There are rows of cabinets filled with small trays containing hundreds of brook trout eggs laid by a single male. The eggs will be treated with Ovadine, a chemical that strengthens their shells for shipping, according to a fish culturist and manager. They will be packed in wet paper towels and ice and sent to hatcheries in Washington, Oregon, Nevada and New Mexico.
The hatchery uses a sophisticated water recycling system to keep estradiol out of waterways. The fish exposed to estradiol never leave the hatchery, so there is no danger that they will harm the waterways or the fishers who catch and eat them.
The team has counted over half of the fish at the Vermejo reserve. Field makes a quick grab of one of the fish with a scanning device. This indicates that the fish has a tag larger than a grain of rice that contains information about when the fish was hatched and when it was released. Miller inspects the fish quickly, sliding thumb and index finger along its underside, which produces a spurt of milt, a substance containing sperm. He noted the missing fin, which was clipped by workers at another hatchery months earlier, as a clear sign that this is aTrojan.
By the end of the second spawning season in 2020, 75% of the fish captured in Leandro Creek were male, and almost 30% of the juvenile fish from test streams around Vermejo were the male offspring of YY brook trout. Miller hopes the percentages will go up this year.

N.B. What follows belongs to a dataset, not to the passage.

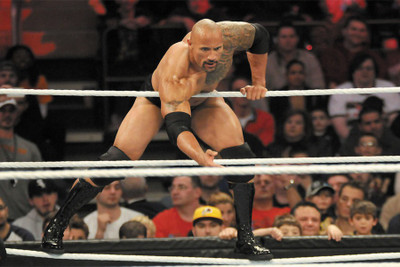

the rock in wwe ring fight Paper Print(18 inch X 12 inch, Rolled)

Genetically modified organisms and their potential to harm native species is a heated debate. Schill says that scientists haven't inserted any foreign genes into the trout's genes. That makes them different from a genetically modified animal.
Ron Sandler, a professor of philosophy at Northeastern University who specializes in bioethics, says that chemical altering an organisms is not a radical departure from the kinds of things that are being done. It is less radical than assisted evolution, where novel genes are inserted to make creatures better suited to cope with human-altered environments.
The approach being taken with the Trojan trout is blithely treating the alteration and potential suffering of animals.
There may be unforeseen consequences from using rapidly reproducing, modified non-native animals as a form of biological control.
The cane toad was brought from Central and South America to Australia in 1935 to help with native beetles that were decimating the country's sugarcane fields. In large numbers, the toads devoured and poisoned the endemic lizards, snakes, and birds. Australia has a population of 200 million cane toads.
Schill doesn't believe in the possibility of a disaster at Vermejo. brook trout have colonised the streams where the new strain is being introduced. Some natural and human-made barriers prevent the streams from leaving the study area. Since brook trout and cutthroat trout can't breed with one another, there is no risk of creating a hybrid.
Some biologists are concerned about the release of YY brook trout into Idaho streams. The bull trout and brook trout are related and can produce hybrid offspring.
By the time Miller and Field finish their work at Leandro Creek, a pattern has emerged: the brookies appear to be thriving and the cutthroat, though fewer in number, are holding their own.
If predictions hold, brook trout reproduction could cease and Rio Grande cutthroat populations could return to the stream. He says that we can fix our mistakes in other places.
We have an ethical responsibility to restore that natural history.
A longer version of this story was published in bioGraphic, an independent magazine about nature.